**What to do**
Copy word for word the lines in the records below, starting at the line with "Mzaarviews Chalets Zahlé Esterno foto" and ending at the line with "Bild på sandstrand". Skip the pictures.

**Data to examine**
+===+

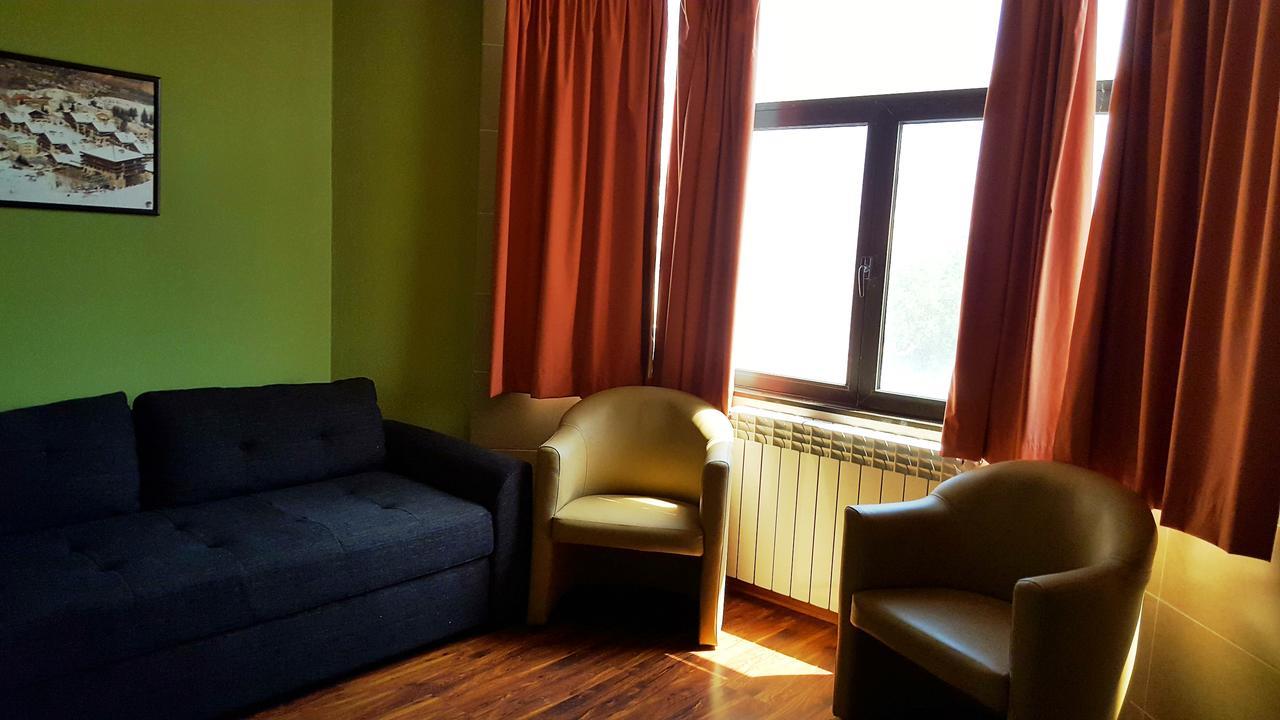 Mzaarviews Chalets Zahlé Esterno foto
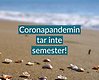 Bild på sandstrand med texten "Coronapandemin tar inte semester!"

+===+

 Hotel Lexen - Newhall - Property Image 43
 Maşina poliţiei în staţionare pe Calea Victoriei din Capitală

+===+

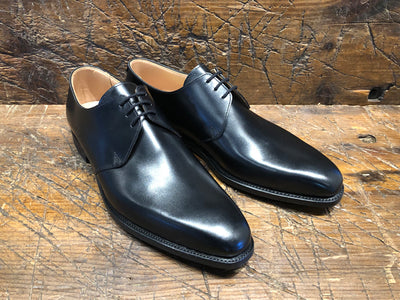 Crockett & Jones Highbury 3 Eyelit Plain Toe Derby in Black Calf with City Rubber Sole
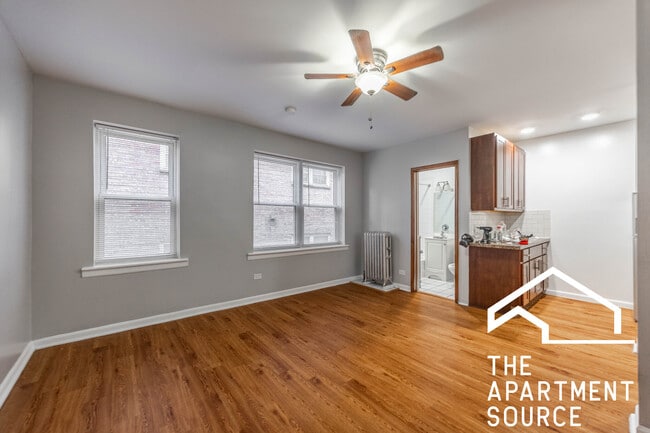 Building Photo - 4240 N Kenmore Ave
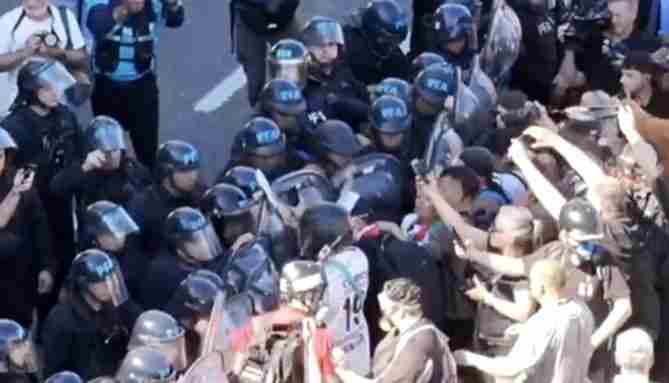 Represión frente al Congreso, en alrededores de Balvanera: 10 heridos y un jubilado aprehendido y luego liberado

+===+

**Exercise result**
 Mzaarviews Chalets Zahlé Esterno foto
 Bild på sandstrand med texten "Coronapandemin tar inte semester!"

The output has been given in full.